ANN/INQUIRER – Foreign direct investments (FDI) in the Philippines reached their highest level in eight months in October, fuelled by a significant increase in intercompany borrowings between multinational firms and their local affiliates, surpassing the inflows of new capital.
Job-generating FDIs registered a net inflow of USD1 billion in October, 50.2 per cent larger compared with a year ago, the Bangko Sentral ng Pilipinas (BSP) reported.
Unlike the so-called “hot money” that leaves markets at the first sign of trouble, FDIs are firmer capital inflows that create jobs for people. That said, the government wants existing FDIs to stay, while attracting new ones.
A net inflow means more of this foreign capital entered the country against those that left during a period. Data showed the October haul was the biggest since February 2024, when net inflows had amounted to USD1.4 billion.
This brought the 10-month FDI net inflow to USD7.7 billion, up by 8.2 per cent and approaching the USD9-billion forecast of the BSP for the entire 2024.
Dissecting the BSP’s report, debt instruments jumped by 60.7 per cent to USD839 million, cornering the bulk of FDIs in October.
That exceeded equity capital placements, a measure of new FDIs. Figures showed the inflow of fresh FDIs amounted to USD122 million, up at an annualised rate of 20.7 per cent.
But FDIs worth USD23 million left the country in October, albeit 16.2 per cent lower than a year ago.
This, in turn, yielded a net equity capital placement of USD100 million during the month, higher by 34.1 per cent. Most of the new FDIs in October came from Japan with a 63-per-cent share, followed by the United States (14 per cent) and Singapore (five per cent).
These investments were placed in key industries like manufacturing – which cornered 59 per cent of the total – as well as real estate (15 per cent) and construction (six per cent).
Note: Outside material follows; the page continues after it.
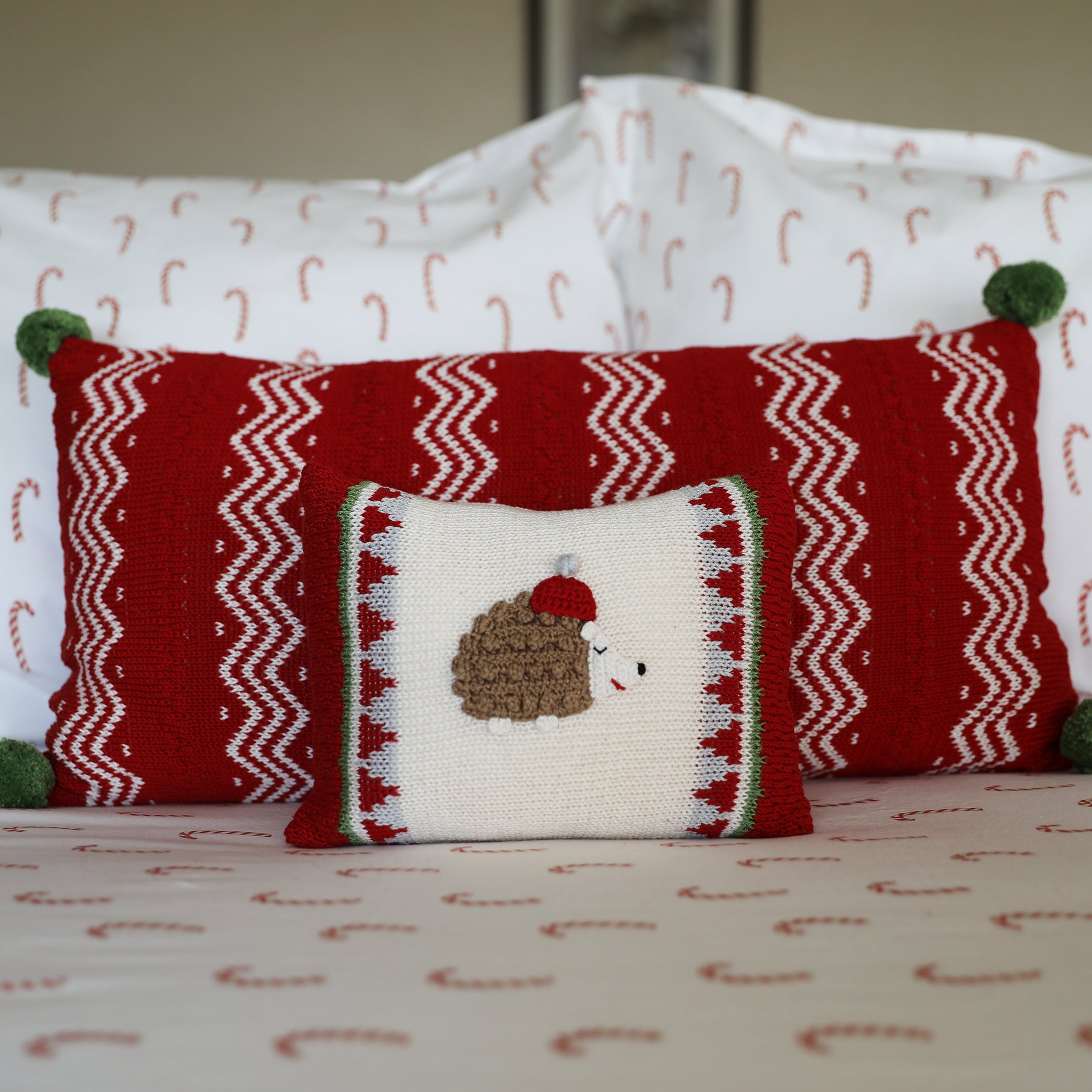 Red Zig-zag Stripe Lumbar Pillow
Meanwhile, reinvestment of earnings declined by 0.9 per cent to USD83 million.
Senior research fellow at the Philippine Institute for Development Studies (PIDS) John Paolo Rivera said that while the surge in inter-company borrowings suggested confidence among multinational firms, it would be better for the country to attract more fresh FDIs instead.
“The reliance on inter-company borrowings rather than fresh equity placements suggests that while foreign companies are reinvesting in their operations, new investments are not flowing in as strongly,” Rivera said.